* [What this task involves] Restate the listing below word for word; no picture is to be carried over.

* [Provided data]
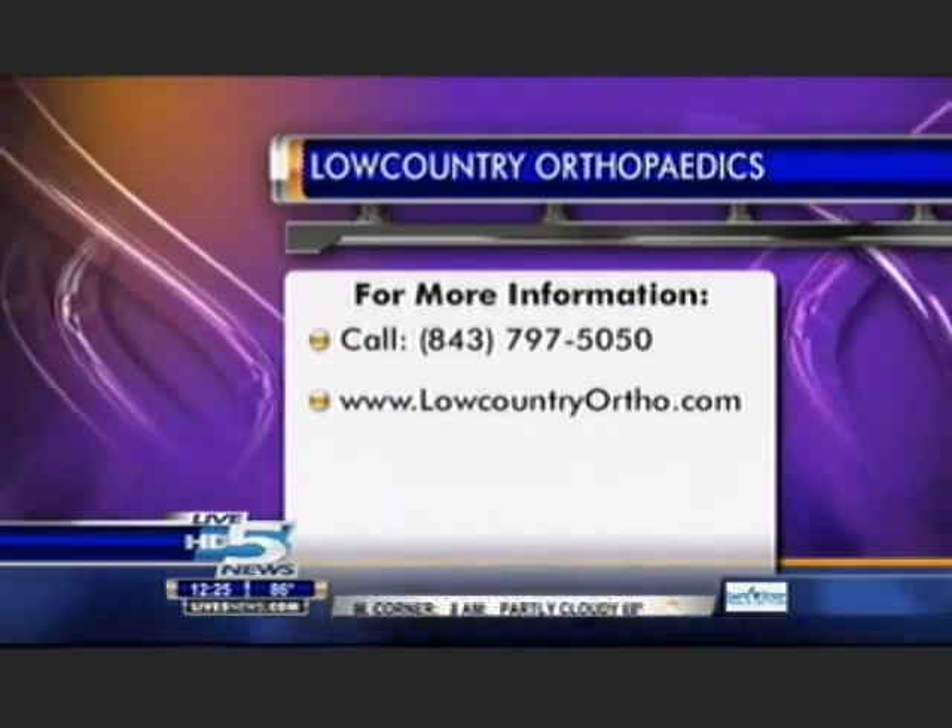Now, how does someone know, Dr. Cox, when the pain is severe enough to come and see a specialist like yourself? Well, with an acute injury, that's a pretty easy choice because they have pain, swelling, and can't bear weight. The chronic things that kind of drag on a day-to-day basis — if something doesn't get better with changing your level of activity to treat the pain and discomfort problem, then in about two weeks you probably ought to have it looked at to be sure what's going on and how treatment should be directed.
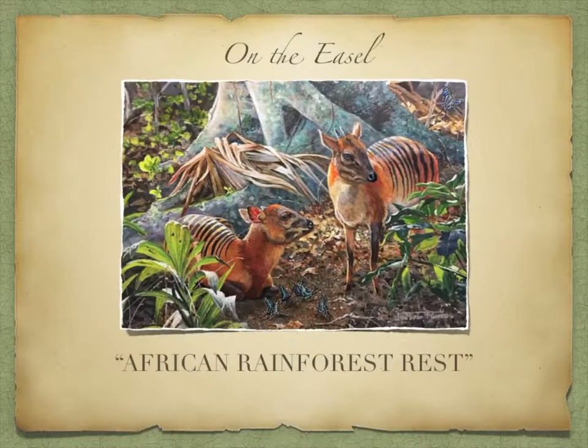On the easel, African Rainforest Rest, a commissioned painting.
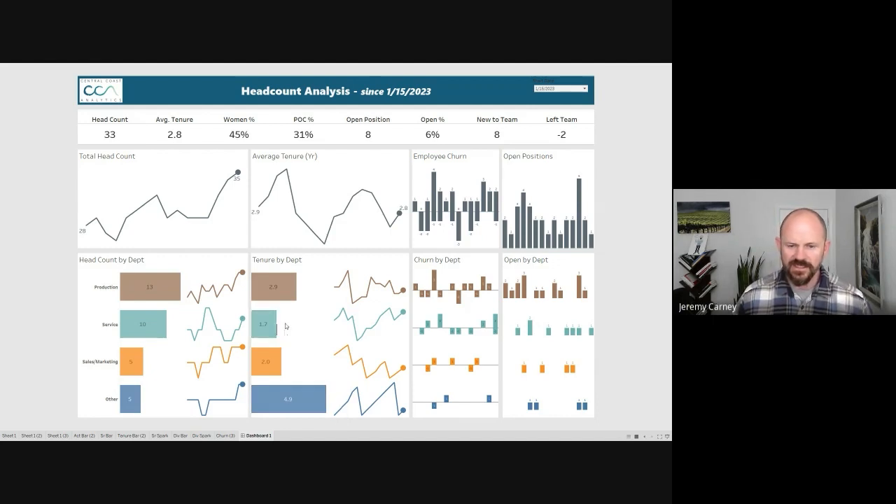In our service area — those serving customers in the tap room — average tenure is only 1.7 years. That may be a concern, as those people are really the face of our business directly to our customers, and we don't want to constantly be training new people. We have seen that tenure increase from a low of one year on average up to closer to 1.7, so we've done a better job retaining people. Then we have churn by department and open positions by department.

* [Task solution]
Now, how does someone know, Dr. Cox, when the pain is severe enough to come and see a specialist like yourself? Well, with an acute injury, that's a pretty easy choice because they have pain, swelling, and can't bear weight. The chronic things that kind of drag on a day-to-day basis — if something doesn't get better with changing your level of activity to treat the pain and discomfort problem, then in about two weeks you probably ought to have it looked at to be sure what's going on and how treatment should be directed.
On the easel, African Rainforest Rest, a commissioned painting.
In our service area — those serving customers in the tap room — average tenure is only 1.7 years. That may be a concern, as those people are really the face of our business directly to our customers, and we don't want to constantly be training new people. We have seen that tenure increase from a low of one year on average up to closer to 1.7, so we've done a better job retaining people. Then we have churn by department and open positions by department.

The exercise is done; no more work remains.